Jefferson County Public School officials are working on plans to recruit and retain more minority employees at all levels, with the ultimate goal for the JCPS workforce to better reflect the diversity of its student body.
The Board held a work session Tuesday night to talk about the district’s efforts to recruit and retain more minority employees as teachers, vendors, skilled trades workers and administrators.
Currently, the JCPS student body is made up of about 56 percent students of color, while about 16 percent of teachers are people of color. The district has made an effort to hire more minority teachers and principals in recent years, so that about 22 percent of newly hired teachers are people of color.
“In the nine years that I have been on the board, I continue to hear from families whose children never see a minority teacher, and in some cases nor a minority administrator,” said Board chair Diane Porter.

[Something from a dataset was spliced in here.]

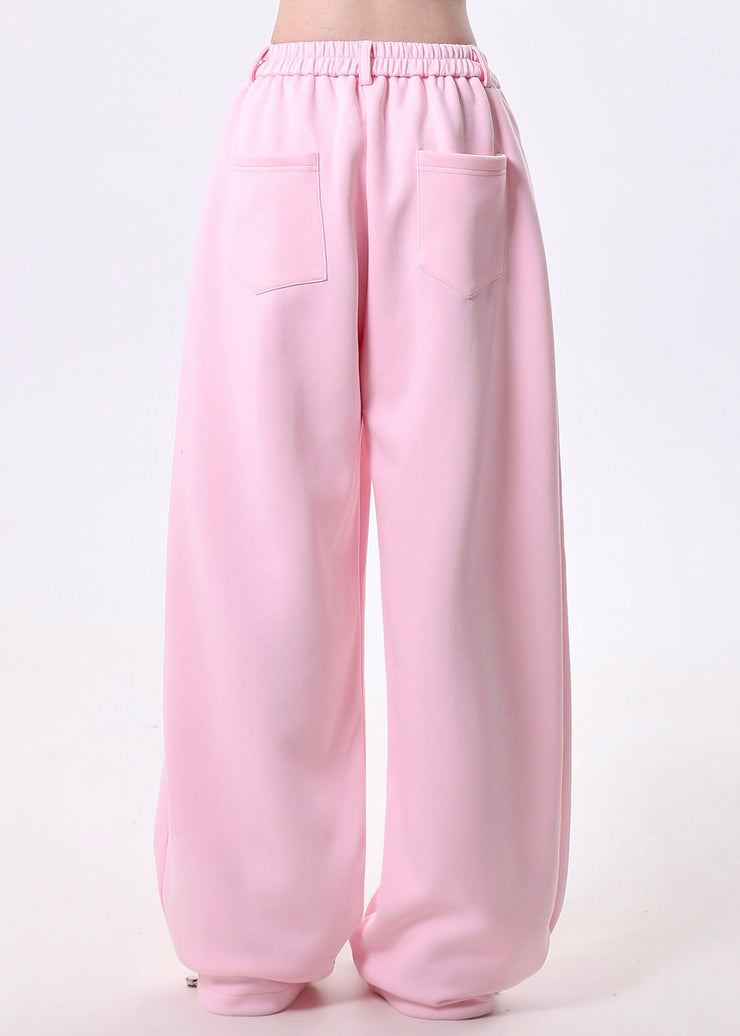 Chic Pink Elastic Waist Cotton Straight Pants Spring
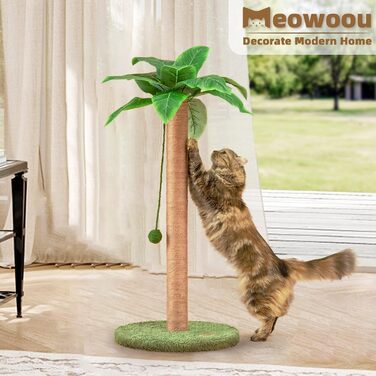 84 cm Scratching Posts Cute Cat Scratcher Kitten Scratch Tree with Sisal Rope for Indoor Cats Palm Cat Scratching Tree with Dangling Balls for Small Cats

“And I think Dr. Pollio has been very aggressive with changing that, but clearly, clearly, we must do better.”
Earlier this month, JCPS announced a new partnership with Simmons College to attract minority teachers through a Transition to Teaching program offered at Louisville’s historically black college.
Tuesday, the Board discussed plans for a year-long teacher residency program that would help recruit more minority teachers through a district-led alternative certification program. The program would pair those residents with experienced teacher mentors, to give the beginning teachers more support and hopefully improve minority teacher retention. The program would be selective, and would place residents in high-need schools.
A JCPS spokeswoman said the district hopes to start the residency program some time during the 2019-2020 school year, and while it would not be exclusively for minority candidates, one goal of the program would be to diversify the teacher workforce.
Vendors and Contractors
JCPS has a goal to increase its spending at minority-owned and women-owned businesses from a current rate of 3 percent of all district spending to 10 percent going to women-owned shops and 15 percent to minority-owned businesses.
With plans to spend more than $170 million to renovate and construct new buildings under the facility plan the Board passed earlier this year, JCPS will have ample opportunity to seek out minority-owned contractors. Among its strategies to increase outreach to minority-owned vendors, the district will require at least three quotes on purchases of less than $20,000 with an effort for at least one to be from a minority-owned business.
JCPS Chief Operations Officer Michael Raisor presented a proposal to create an apprentice-style program to recruit minority trade workers for entry-level positions. The TRADES program would train those workers in more advanced skills with the goal of retaining and promoting them within the school district. Raisor said the district struggles to hire minority tradespeople in mid-level and advanced positions because not enough candidates apply, and because the school district has difficulty competing with the private sector.
“This give us the opportunity to grow the candidates,” Raisor said.
Raisor said he thinks the program could serve as a national model for other school districts, and would mirror programs offered by employers in the private sector. Board chair Diane Porter noted the program could seek to draw new employees from among the recent high school graduates of the district’s vocational academies.
So far, JCPS has made the greatest progress in hiring minority principals and administrators. Fifty-six percent of recently hired principals and 37 percent of newly hired administrators are people of color.
“What we’ve had to do is make conscious efforts to develop our minority leaders,” said Superintendent Marty Pollio.
Pollio added that he will have more control over principal hires, after a law passed this spring gives him the final say in principal selection. Pollio said in all cases he will seek to choose the best leader for each school.
Before a list of candidates ever hits Pollio’s desk, under a new policy discussed Tuesday night, applications would go through a two-tiered process designed to ensure a diversity of candidates are considered. A slating committee would first select unidentified applications based on the candidates’ qualifications, then review the race and gender of that slate of applicants and reconsider the selections before revealing the candidates’ names. That final set of vetted candidates would then go before a site-based decision making council composed of teachers and parents who then recommend a principal to the superintendent, who may approve or reject the candidate.